Your instructions =
Among the entries below, find the line with "Chicago Bulls Hat" and the line with "Leuchtende Globus, schwebend, 7". Return exactly those lines and every line between them, but no pictures.

(Beginning of Working data)

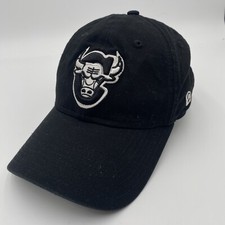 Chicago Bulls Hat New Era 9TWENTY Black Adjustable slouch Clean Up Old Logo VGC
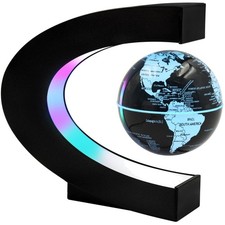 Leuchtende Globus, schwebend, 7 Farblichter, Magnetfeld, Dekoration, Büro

(End of Working data)
(Beginning of Working data)

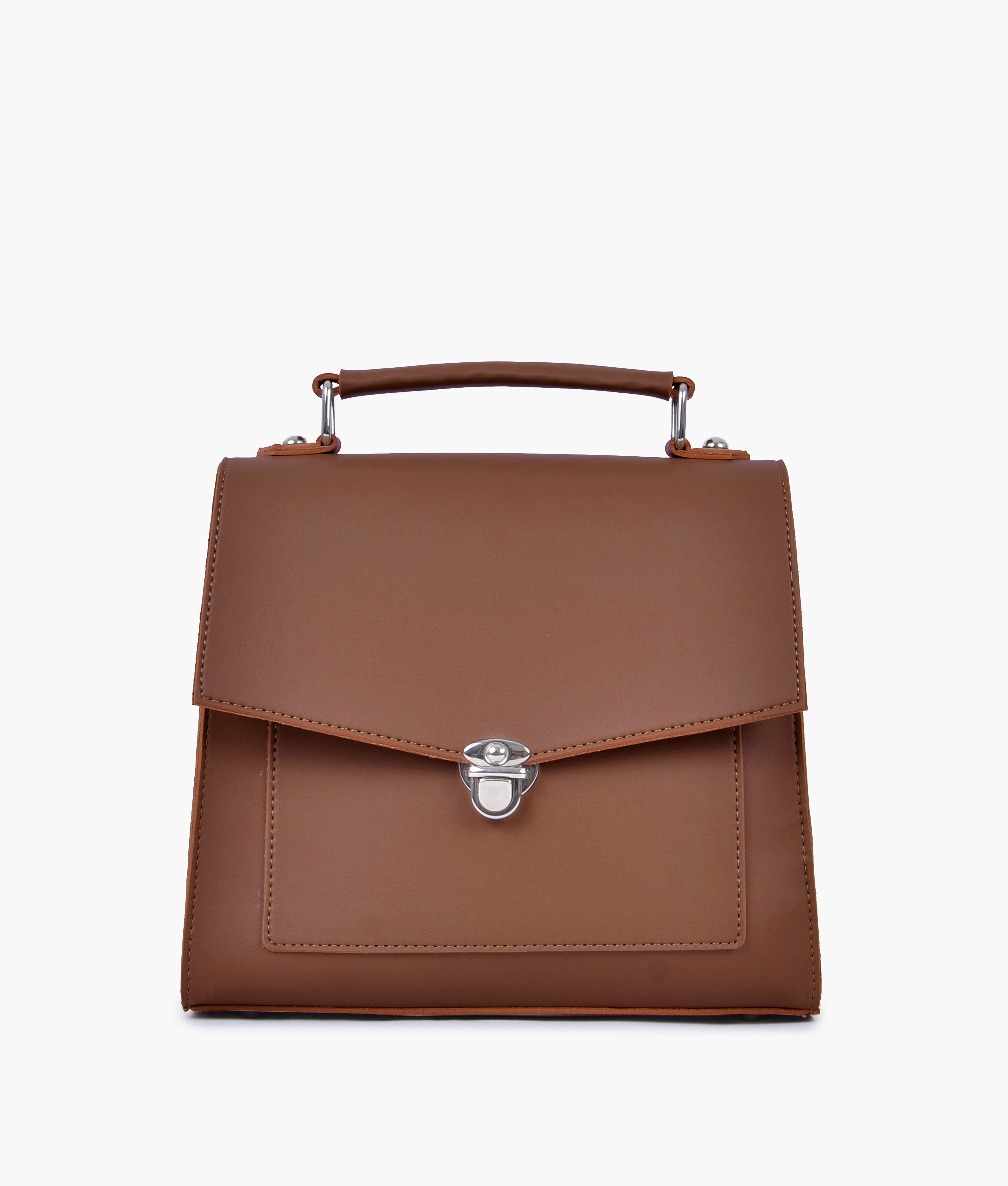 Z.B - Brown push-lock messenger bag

(End of Working data)

Output of the task =
 Chicago Bulls Hat New Era 9TWENTY Black Adjustable slouch Clean Up Old Logo VGC
 Leuchtende Globus, schwebend, 7 Farblichter, Magnetfeld, Dekoration, Büro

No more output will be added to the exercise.